Date: 2015-07-07 12:35 pm (UTC)
From: [identity profile] poliphilo.livejournal.com
I know the Bible pretty well and I don't think anyone ever drinks anything except wine, milk and water. The NT is full of viniculture imagery. "I am the true vine" "old wine in new wineskins" etc. No-one during my theological training ever suggested that wine was ever anything but an everyday beverage.

(no subject)

Date: 2015-07-07 04:10 pm (UTC)
From: [identity profile] steepholm.livejournal.com
That seems pretty unanimous. So wine is to drink pretty much what bread is to food - at least for Jesus and his immediate circle - and it seems reasonable to assume that (as well as the specific requirements of the Passover supper) he had that in mind when telling his disciples to remember him when eating/drinking them. But I'd really like to know how that choice has played on people's religious sensibilities in cultures where wine was a rarer, more elite or more expensive drink.
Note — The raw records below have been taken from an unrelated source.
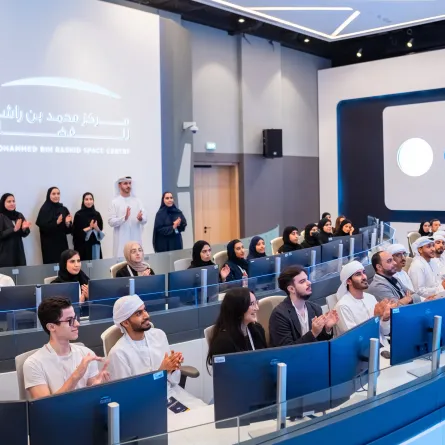 تحدي "زيرو روبوتيكس" للبرمجة. الصورة من حساب مركز محمد بن راشد للفضاء على تويتر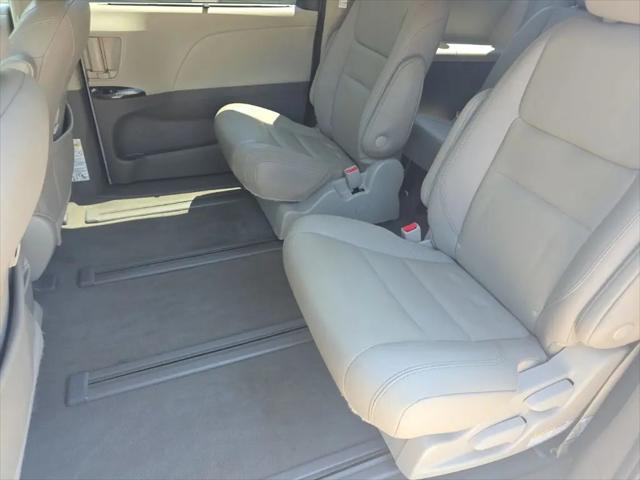 2020 Toyota Sienna XLE Premium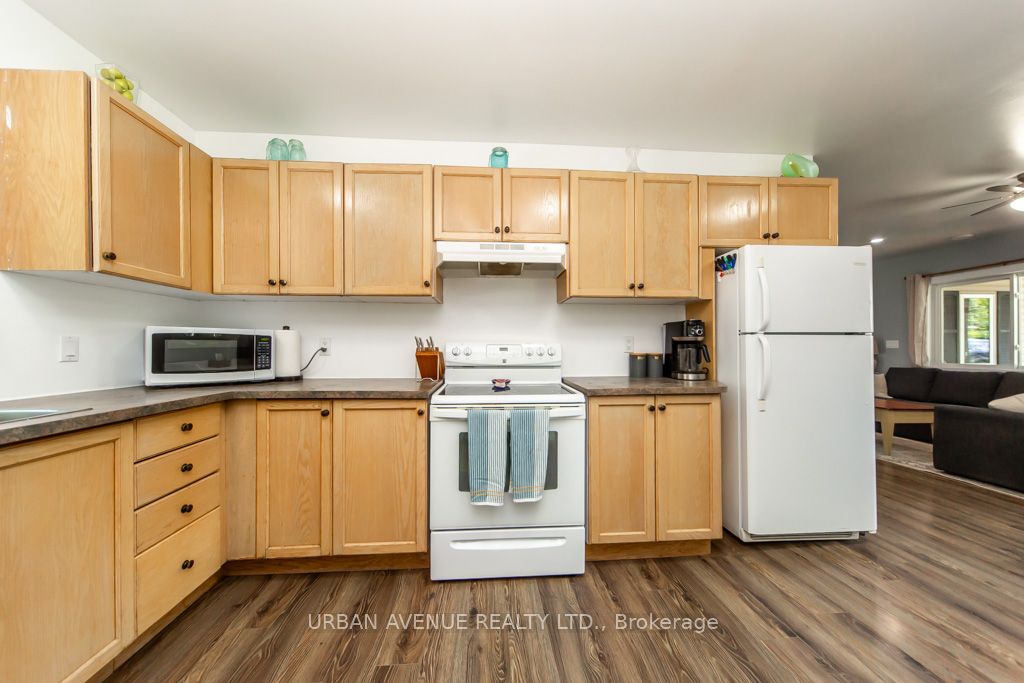 23505 Lakeridge Road Property Photo 11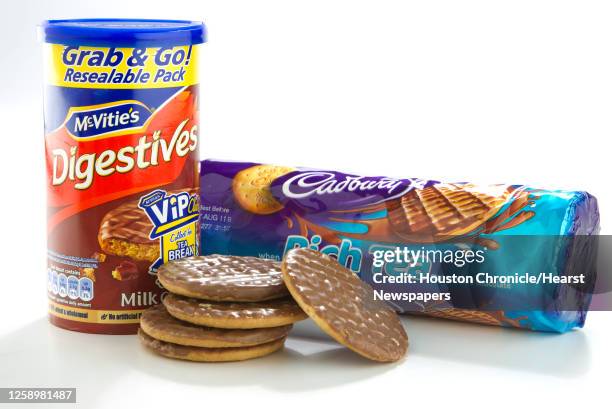 35 Chocolate Digestive Biscuits Stock Photos, High-Res Pictures, and ...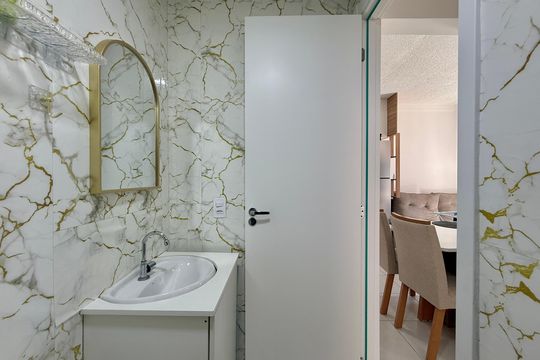 Banheiro  de apartamento à venda com 2 quartos, 36m² em Socorro, São Paulo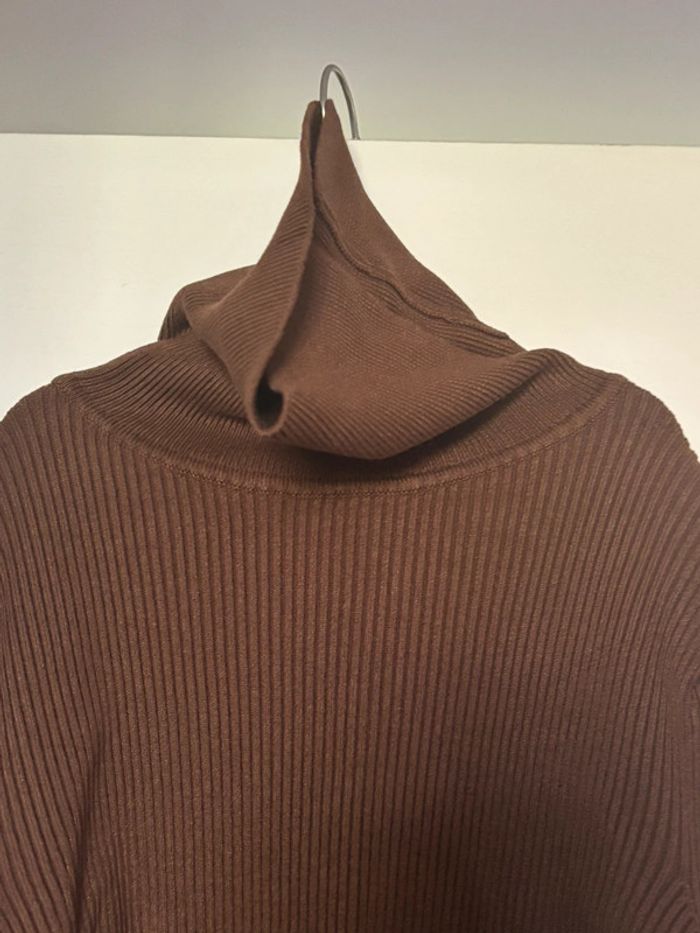 Top col roulé marron • Pimkie • Taille S - photo numéro 2
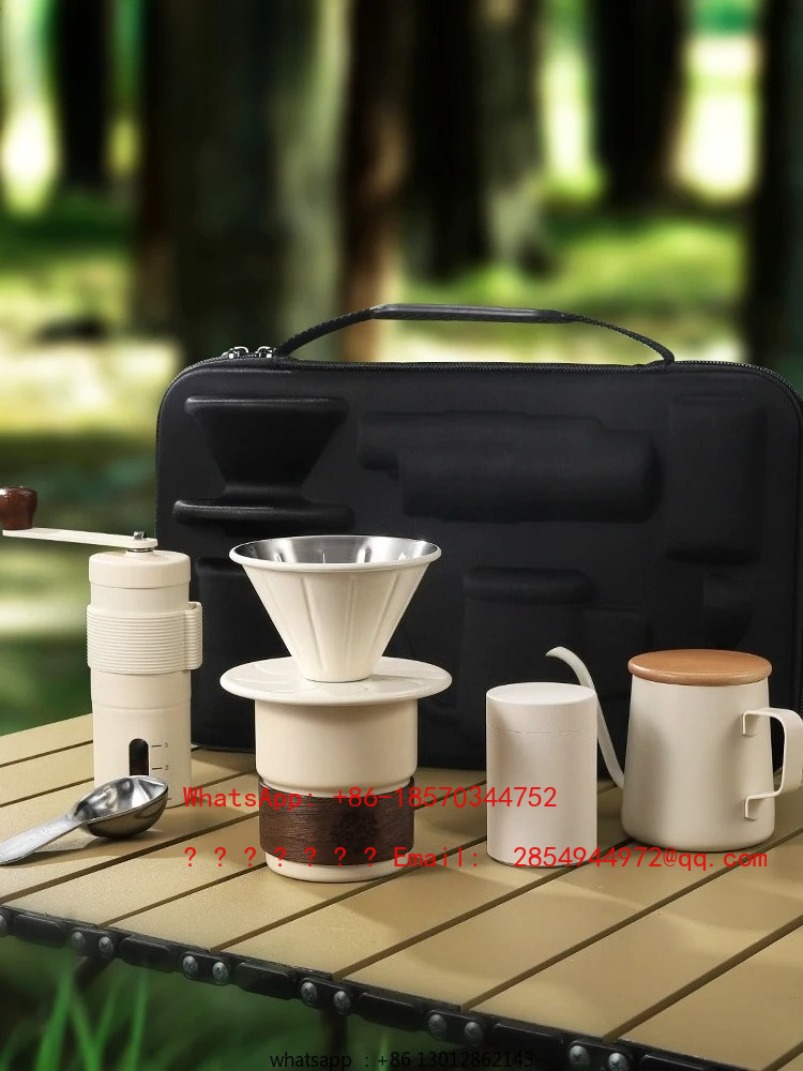Set per Caffè Macinato a Mano  - Coffee Equipment For Camping recensione e prezzo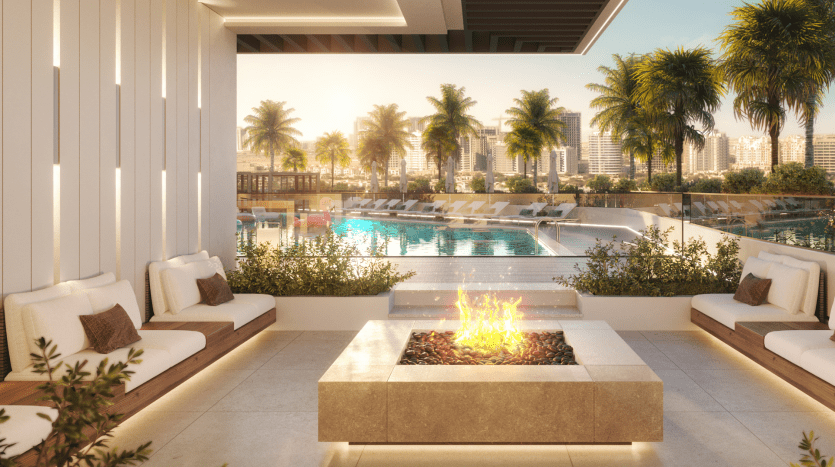 Luxueuse terrasse extérieure d'une villa à Dubaï dotée d'un foyer central, entourée de canapés blancs modernes et de plantes vertes luxuriantes, donnant sur une piscine sereine et un paysage urbain au coucher du soleil.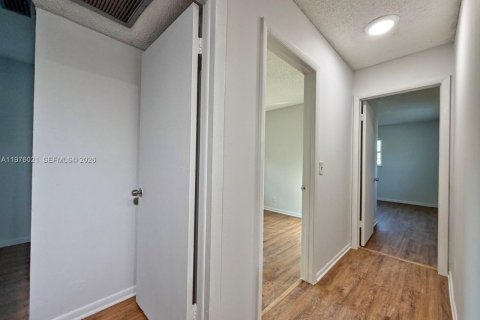 Снять в аренду виллу или дом в Норт-Лодердейл, Флорида 4 спальни, 137.5м2, № 2040263 - фото 13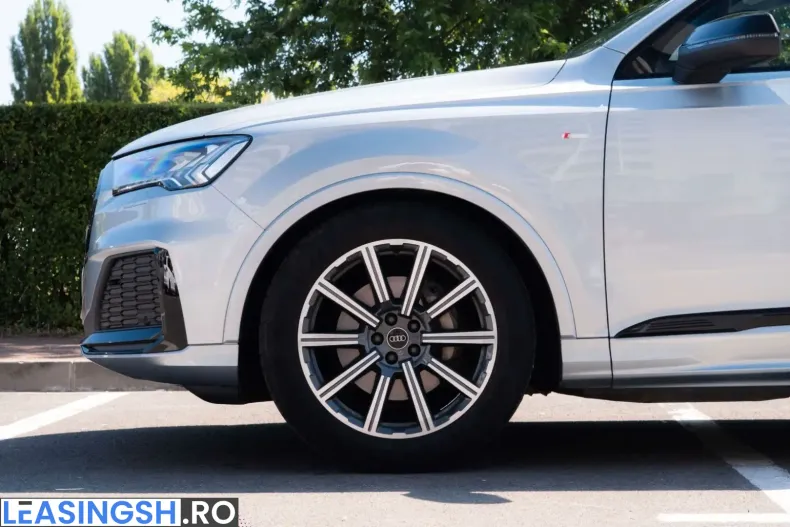 Audi Q7 din 2023 cu 43.455 km - oferta AUD241858 - foto 5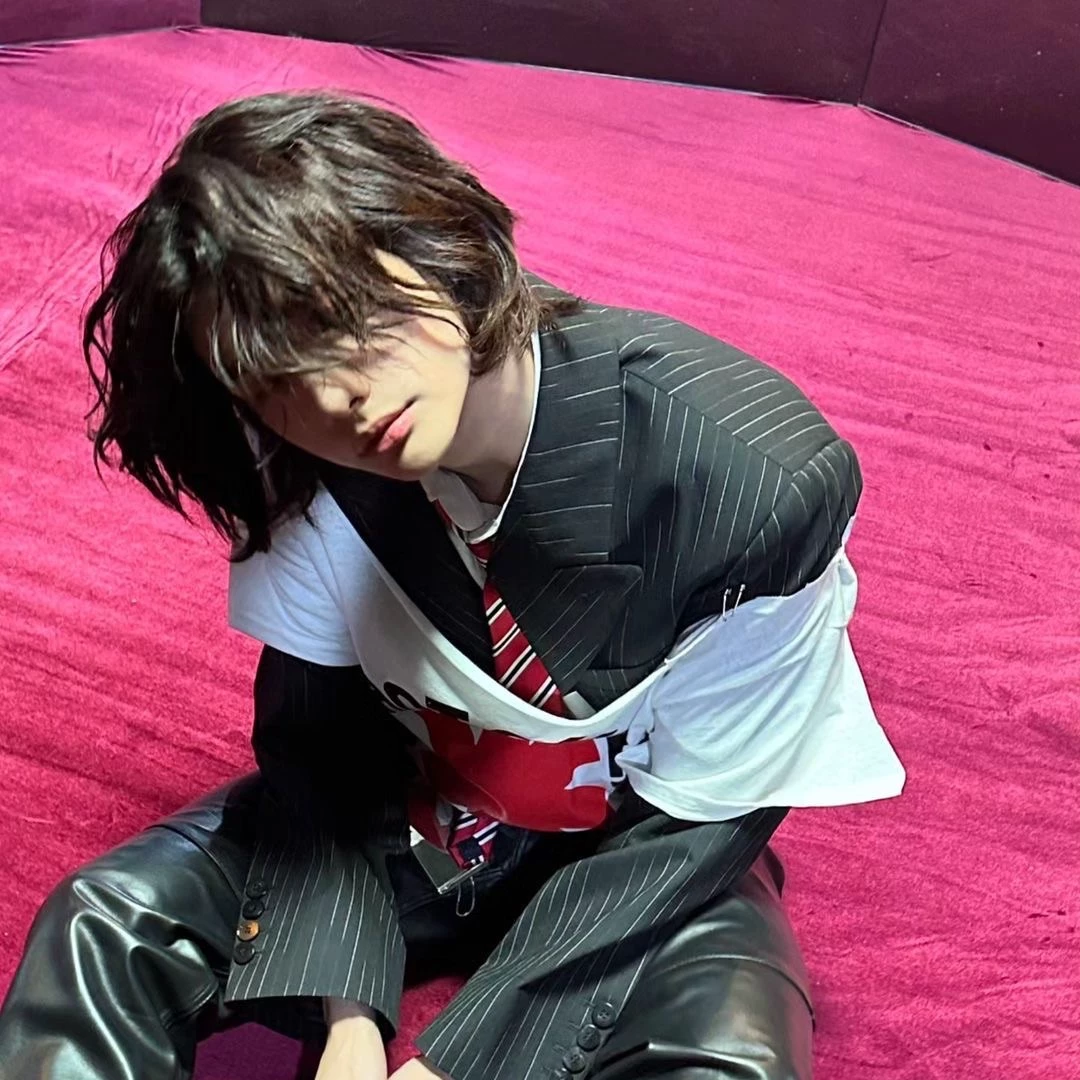 Hyunjin thumbnail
The intersection of climate and theology (as in the other post) is quite intriguing to me.

(no subject)

Date: 2015-07-07 05:26 pm (UTC)
From: [identity profile] ethelmay.livejournal.com
I think C.S. Lewis records a conversation in his journal that discusses an aspect of that very issue. They were talking about how far you could look at a text in isolation, and someone remarked that you had to know the language, after all, and that implied context -- did "breakfast" mean ham and eggs at eight, or a piece of bread and a handful of olives at dawn? Was wine the drink of the people, or only of aristocrats? Something along those lines.

(no subject)

Date: 2015-07-08 06:36 am (UTC)
From: [identity profile] steepholm.livejournal.com
I find very often that CSL has been there first...

(no subject)

Date: 2015-07-07 06:14 pm (UTC)
From: [identity profile] poliphilo.livejournal.com
As someone notes above the Roman church decided at some stage to withhold the cup from the laity. I suppose this had something to do with cost and availability. The English church returned the cup to the people- as (I assume other Protestant groups did as well) but only celebrated the eucharist on special occasions- which meant they weren't getting through great quantities of wine.

In my day most churches got their wines from ecclesiastical suppliers. It was nasty, sugary stuff; you wouldn't want to drink it socially. I did however have a colleague with a drink problem who used to "cream" small amounts off the top of all the bottles in the hope that nobody would notice.

(no subject)

Date: 2015-07-07 10:59 pm (UTC)
From: [identity profile] sue-bursztynski.livejournal.com
That makes me wonder if it"s the same disgustingly sweet Kosher stuff we have to,drink on Friday nights. :-) Sweet as in slightly alcoholic grape juice rather than sweet as in port or sherry, which are another matter. No, you wouldn't drink it socially. No way!

(no subject)

Date: 2015-07-08 08:04 am (UTC)
From: [identity profile] poliphilo.livejournal.com
I'm thinking sweet wine keeps better. You can put half a bottle back in the cupboard and be confident that it won't go off.

(no subject)

Date: 2015-07-09 10:46 pm (UTC)
From: [identity profile] sue-bursztynski.livejournal.com
We keep ours in the fridge. But yes, a good thought there, because it has to last a while when nobody want to drink any more than necessary. ;-)

(no subject)

Date: 2015-07-07 11:06 pm (UTC)
From: [identity profile] sue-bursztynski.livejournal.com
Yes, but it is very symbolic - in ceremony, you drink wine and eat bread, which is probably how Christianity got it in the first place. It's the most basic of food, symbolically. When you've had it, you tuck into the full meal.

Climate and theology, yes! :-) Agreed, an interesting idea. As I have heard, in England in later times, anyway, most people would drink ale, then beer when it became the drink of choice(you had to make ale daily, while beer kept better, according to a history of drinking in England I have read). Wine would indeed have been posh, I imagine.